To nie jest tak, że wszyscy działacze, a jeszcze bardziej wyborcy tej partii, są jakimiś mentalnymi klonami prezesa; oczywiste, że przyłączyli się do PiS z różnych powodów, bo w III RP czuli się skrzywdzeni, oszukani, rozczarowani sposobem działania instytucji państwa i rządzących polityków, bo ignorowano ich oczekiwania, plany, pomysły, emocje, bo chętnie przyjęli obietnice zmiany i poprawy.
Ale PiS otrzymuje się w pakiecie. Mówiąc symbolicznie: głosowałeś na Andrzeja Dudę i Beatę Szydło, dostajesz Ziobrę i Macierewicza, 500 zł na dziecko okazuje się spakietowane ze sprawą smoleńską; nie ma jednego bez drugiego, także trzeciego (Trybunał Konstytucyjny), czwartego (przejęcie mediów) itd. Ale katastrofa/zbrodnia smoleńska w tym pakiecie zajmuje miejsce centralne.
Dla lidera PiS to sprawa głęboko osobista, z której wszakże nie zawahał się uczynić narzędzia politycznego.
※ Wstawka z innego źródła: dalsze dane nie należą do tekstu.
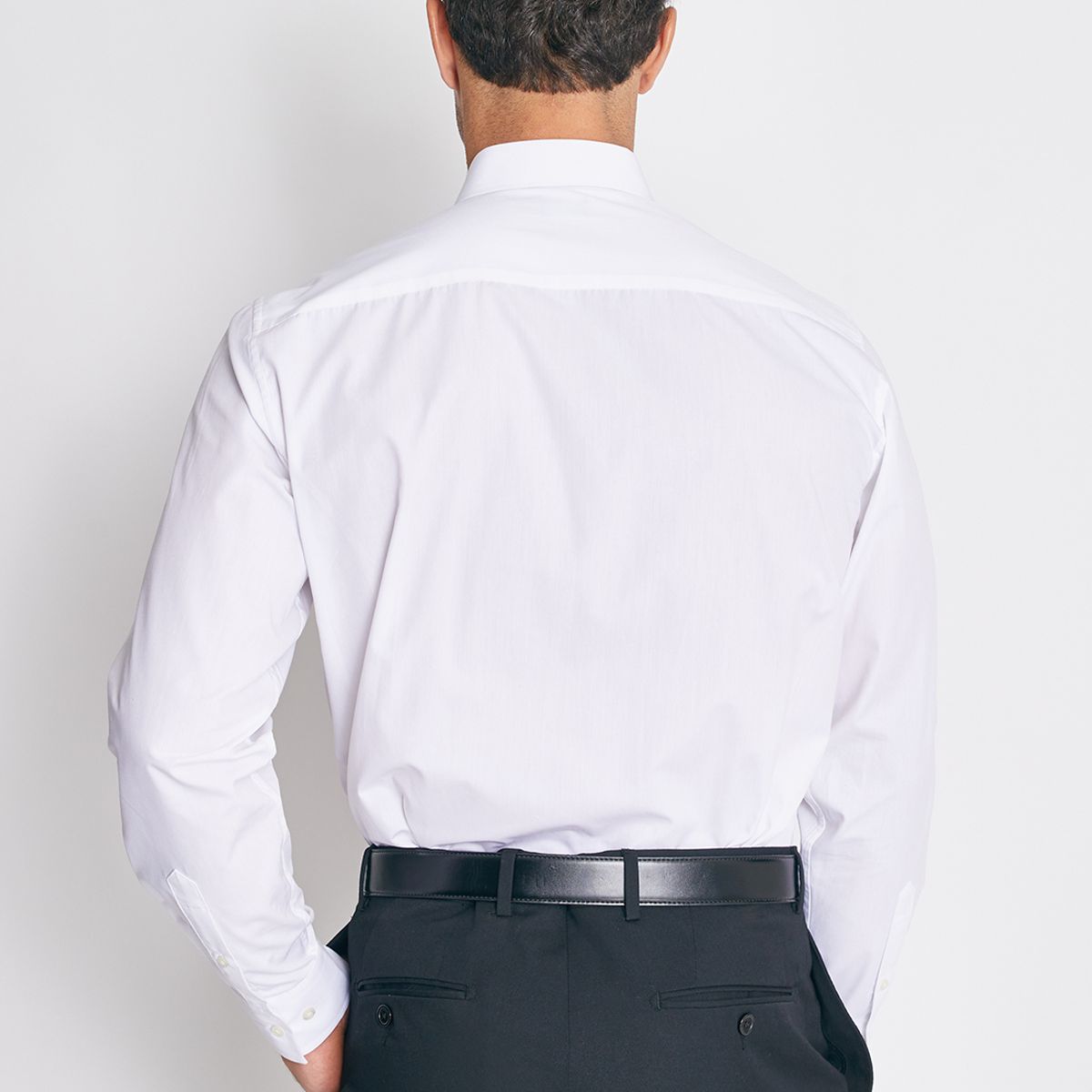 MAVIANNI - Camisa Formal Básica Lisa Regular Poplin Blanco Mavianni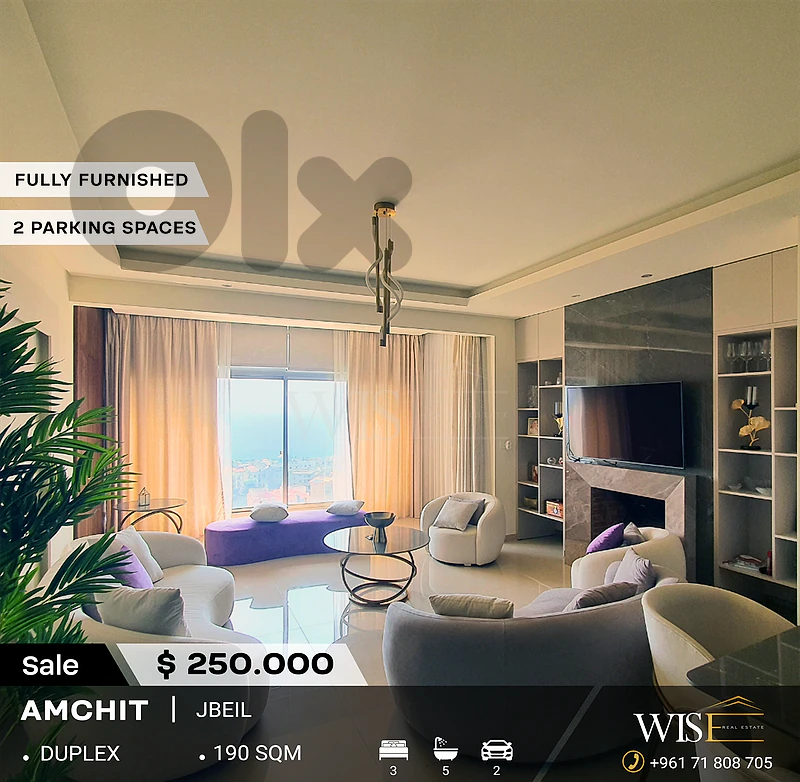 🏠 190 SQM Fully Furnished Duplex for SALE in Amchit!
Mnóstwo ludzi pisało o tym, jak katastrofa smoleńska stała się „mitem założycielskim” PiS, jak miesięcznice pełniły rolę spoiwa i mobilizacji elektoratu, jak zespół Antoniego Macierewicza wytwarzał teorie spiskowe, zmieniane następnie w sugestie zbrodni popełnionej przez politycznych rywali.